» **PROBLEM STATEMENT**:
Your copy should contain exactly the lines from the start of the listing through the line that holds "Get up, get", and no pictures.

» **SOURCE DATA**:
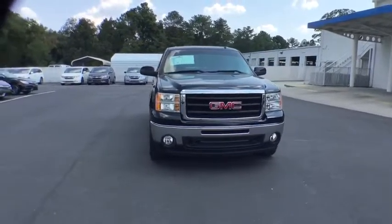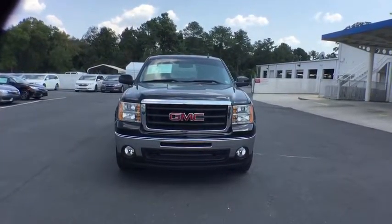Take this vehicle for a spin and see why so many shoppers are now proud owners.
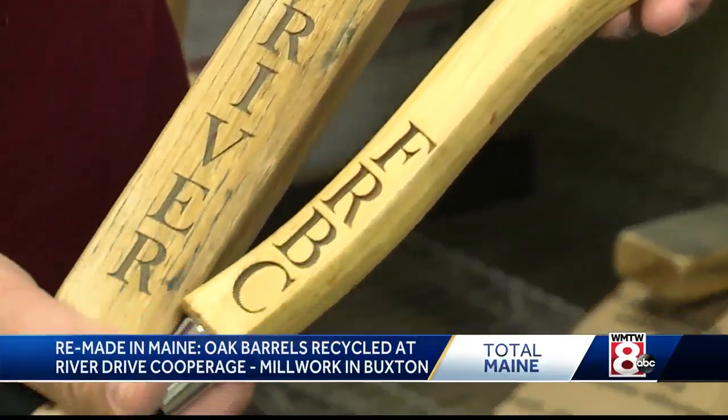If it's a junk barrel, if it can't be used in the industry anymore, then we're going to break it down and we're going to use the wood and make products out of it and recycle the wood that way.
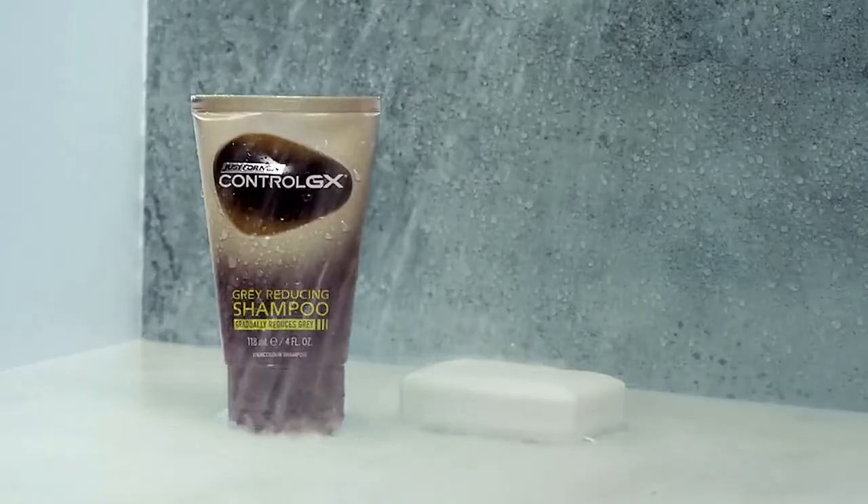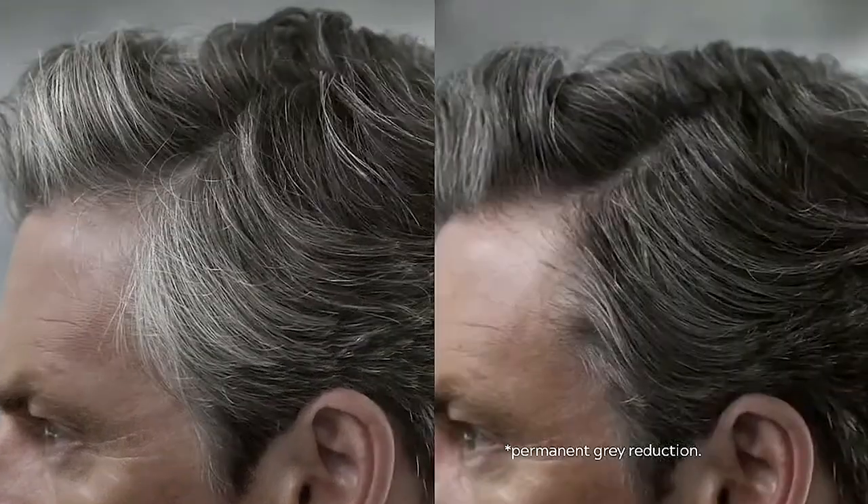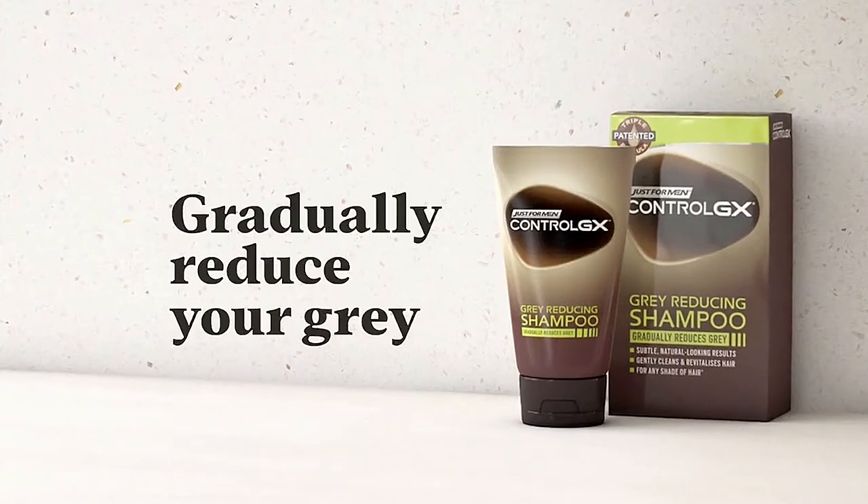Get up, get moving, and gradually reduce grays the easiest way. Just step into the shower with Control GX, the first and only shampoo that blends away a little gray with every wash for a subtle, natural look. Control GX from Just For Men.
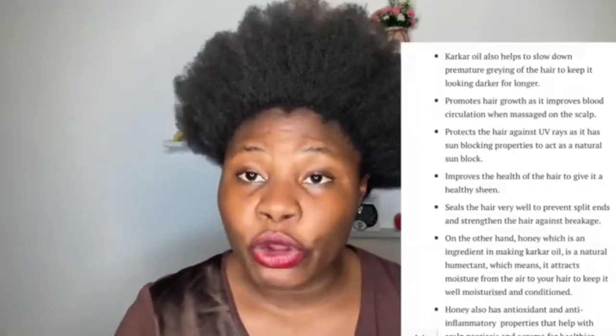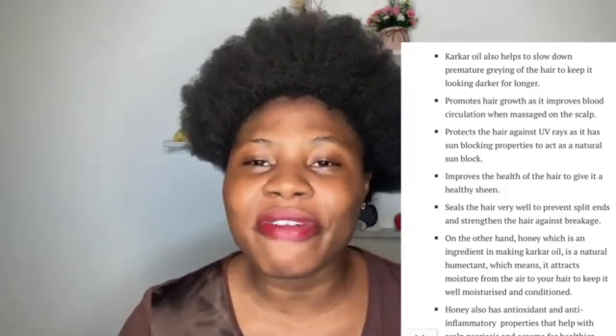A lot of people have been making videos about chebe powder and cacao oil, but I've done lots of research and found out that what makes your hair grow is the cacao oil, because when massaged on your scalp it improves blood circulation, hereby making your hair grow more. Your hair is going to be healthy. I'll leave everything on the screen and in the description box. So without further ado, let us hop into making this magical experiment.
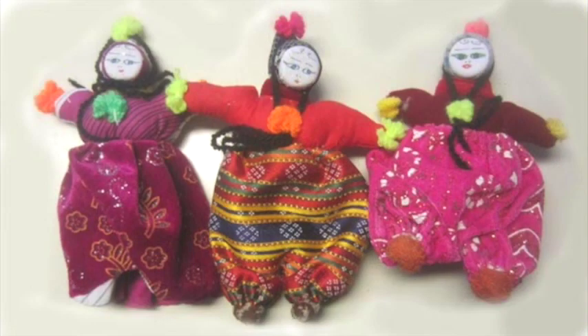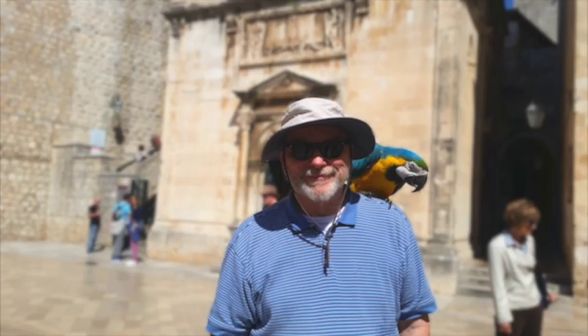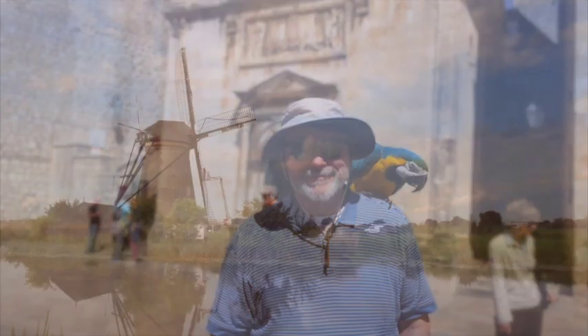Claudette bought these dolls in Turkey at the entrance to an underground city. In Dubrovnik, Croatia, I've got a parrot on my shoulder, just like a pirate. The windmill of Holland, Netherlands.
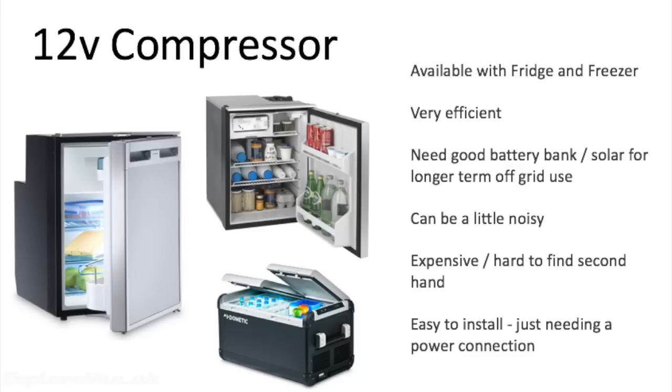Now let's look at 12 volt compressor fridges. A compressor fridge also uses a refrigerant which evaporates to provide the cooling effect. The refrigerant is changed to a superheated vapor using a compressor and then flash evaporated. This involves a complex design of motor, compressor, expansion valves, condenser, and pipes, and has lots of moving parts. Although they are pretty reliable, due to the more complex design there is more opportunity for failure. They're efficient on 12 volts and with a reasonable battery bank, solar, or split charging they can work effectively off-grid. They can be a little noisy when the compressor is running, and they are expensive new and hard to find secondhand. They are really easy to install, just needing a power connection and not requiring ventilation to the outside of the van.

» **EXERCISE RESPONSE**:
Take this vehicle for a spin and see why so many shoppers are now proud owners.
If it's a junk barrel, if it can't be used in the industry anymore, then we're going to break it down and we're going to use the wood and make products out of it and recycle the wood that way.
Get up, get moving, and gradually reduce grays the easiest way. Just step into the shower with Control GX, the first and only shampoo that blends away a little gray with every wash for a subtle, natural look. Control GX from Just For Men.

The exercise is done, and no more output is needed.